Auch beim Klimaschutz schlägt die FDP einen anderen Weg ein als die politischen Mitbewerber. Statt auf Verbote von Verbrennungsmotoren und Kurzstreckenflügen, wie auch am Wochenende von GrünenKanzlerkandidatin Annalena Baerbock gefordert, setzen die Liberalen auf marktwirtschaftliche Mechanismen und auf einen „Wettbewerb der Ideen“im Kampf gegen die Erderwärmung. Zentrale Punkte sind dabei die Forderung nach einem gesetzlich verankerten, jährlichen CO und der Vorschlag, den Emissionshandel in der Europäischen Union sowohl geografisch als auch auf den gesamten Verkehr auszuweiten.
„Der Wettbewerb, nicht der Staat soll entscheiden, was am meisten bringt für den Klimaschutz“, sagte Wissing. Zugleich warb er dafür, klimafreundliche synthetische Kraftstoffe für Verbrennungsmotoren zuzulassen. Denn ohne Individualverkehr sei Mobilität und Teilhabe im ländlichen Raum undenkbar.
Kurioser Höhepunkt des Parteitags war eine Abstimmung über die Drogenpolitik: Zuerst stimmten die Delegierten für einen Antrag der
Jungen Liberalen (Julis), die Drogenpolitik nach dem Vorbild Portugals zu liberalisieren. Dort ist der Besitz kleinerer Mengen Drogen zum persönlichen Gebrauch seit Jahren eine Ordnungswidrigkeit und keine Straftat mehr.
Erst nach der Abstimmung erkannte die Parteispitze offensichtlich die Dimension dessen, was gerade beschlossen worden war. „Das portugiesische Modell bedeutet nichts anderes als die vollständige Freigabe aller Drogen. Das ist etwas, was die Freien Demokraten unter keinem Gesichtspunkt gutheißen können“, sagte der stellvertretende Parteivorsitzende Wolfgang Kubicki.
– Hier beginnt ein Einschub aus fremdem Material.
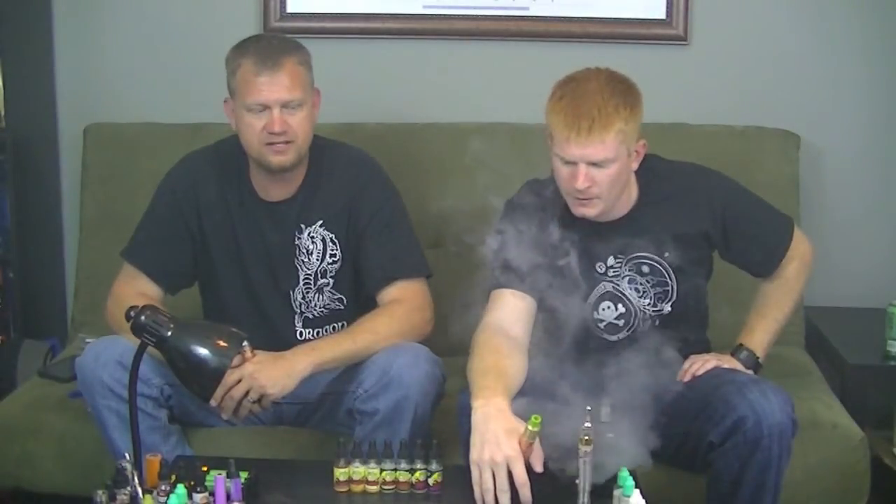Hey Wanderers, this is the Wandering Vapor and Brian. He's going to be assisting me with a review of the full line of Juice Maniac, sent to us by Stephen St. Germain, the owner of Juice Maniac.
Schließlich wurde nochmal abgestimmt – und mit 58 Prozent der Stimmen die Passage für eine liberalere Drogenpolitik wieder aus dem Wahlprogramm herausgestrichen.
In der Debatte über die Finanzierung der öffentlich-rechtlichen Rundfunksender setzten sich hingegen die jüngeren Liberalen durch. Ihr Antrag, den Rundfunkbeitrag zu senken, steht jetzt im Wahlprogramm – obwohl Wissing an die Delegierten appelliert hatte, ihn abzulehnen. Auch Tanzverbote an den sogenannten stillen Feiertagen soll es nach dem Willen der FDP künftig nicht mehr geben. Dagegen hatte sich Benjamin Strasser, Abgeordneter für den Wahlkreis Ravensburg und religionspolitischer Sprecher der Partei, ausgesprochen – ohne Erfolg.
Ein neues Konzept streben die Liberalen in der Rentenpolitik an. Der Sozialpolitiker Johannes Vogel aus Nordrhein-Westfalen – das frische, sozialliberale Gesicht in der Parteispitze – hatte sich für eine gesetzliche Aktienrente stark gemacht. Dieses Modell, das es bereits in Ländern wie Schweden gibt, sieht vor, dass ein kleiner Rentenbeitrag, beispielsweise zwei Prozent des Bruttoeinkommens, in ein Aktiensparmodell fließt. Ziel sei es, die Renten demografiefest zu machen, sagte Vogel, der am Freitag mit 79 Prozent als Nachfolger von Katja Suding zum Parteivize gewählt worden war.